What percentage of businesses use a BI tool?

Not enough! As recently as 2006, 72% of businesses still used spreadsheets to monitor their critical business profitability. Simple reporting does not answer the really important questions. In Gartner’s predictions for BI between 2009 and 2012, it was suggested that more than 35% of the top 5000 global companies will regularly fail to make insightful decisions about significant changes in their business and markets. This would be a result of lack of information, processes and tools.

What are the major trends in business intelligence technology at present?

There has been uptake of the BI technologies, in particular uptake of predictive business intelligence for business development purposes. The same Gartner predictions suggested that by 2012, business units will control at least 40% of the total budget for business intelligence rather than IT, demonstrating the significant direct impact BI has on business profitability.

What is the future of business intelligence and how has it evolved?

We’ve seen a progressive move from simple reporting, to a consolidated view of data across an organisation, to predictive/forecasting information, to benchmarking. We expect this will soon move into a more collaborative decision-making process where BI is used in an interactive manner to effectively plan a company’s strategy solutions.

What imperatives are driving business intelligence and how has the recession affected those imperatives?

Businesses tend to function on approximate knowledge of profitability and cost base, with the true picture of the company’s financials being revealed during end-of-year reconciliation.

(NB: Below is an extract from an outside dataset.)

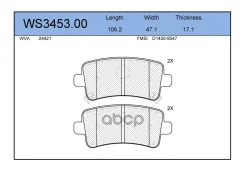 ������� ��������� �������� | ��� | Jeenice WS345300 WS345300 ����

More and more companies are demanding to know minute-by-minute the state of play for their business so that they can manage risk proactively, whilst taking advantage of new opportunities.

What role does benchmarking play in business intelligence and what does that mean for organisations that use it?

We perform our business roles in a competitive market. In recent times the economic squeeze has highlighted the cost of not being competitive. On its most basic level, benchmarking puts performance in perspective. In a management context, businesses use benchmarking to identify those areas where they are either under-performing or exceeding the performance levels of their peers. This means they can effectively focus on areas of growth and those that need remedial attention.

How does business intellegence help companies that have strict compliance or regulatory policies to adhere to?

BI has the ability to give a company real, effective and meaningful information, either historically or through forecasting the future. We often look at this as seeing opportunities to expand or improve our business profitability. However, companies existing in a regulatory world with potential loss through non-compliance have quite substantial opportunities available to them that can be highlighted through simple monitoring of their compliance. Discovering gaps in this compliance early enough so that they can be managed is the realm of BI.

What role, if any, have social networking and the web 2.0 trend played in business analytics?

Many companies involved in the new markets are young, and are large users of BI solutions. Companies like Amazon and Google, for example, have demonstrated the ability to gather information from their very large user bases, with low costs and high information returns.

Another example of the effective blending of BI and social media is the Tourism Holdings Limited website, kiwiexperience.com, which creates a sense of community, with users of the site able to post photos and comments which then act as a draw to young travellers to the excitement of hop-on, hop-off bus travel around New Zealand while integrating to popular social networking sites such as Picasa and YouTube.

What are the stumbling blocks of pushing CRM and ERP solutions out into the mobile environment?

Imagination! To a large degree, what is possible today with BI tools exceeds businesses’ ability to comprehend, and therefore take up, the opportunities that are available. We’re seeing more clients interested in pushing their existing BI solutions out to the mobile as the mobile workforce grows and the popularity and capability of the smartphone increase.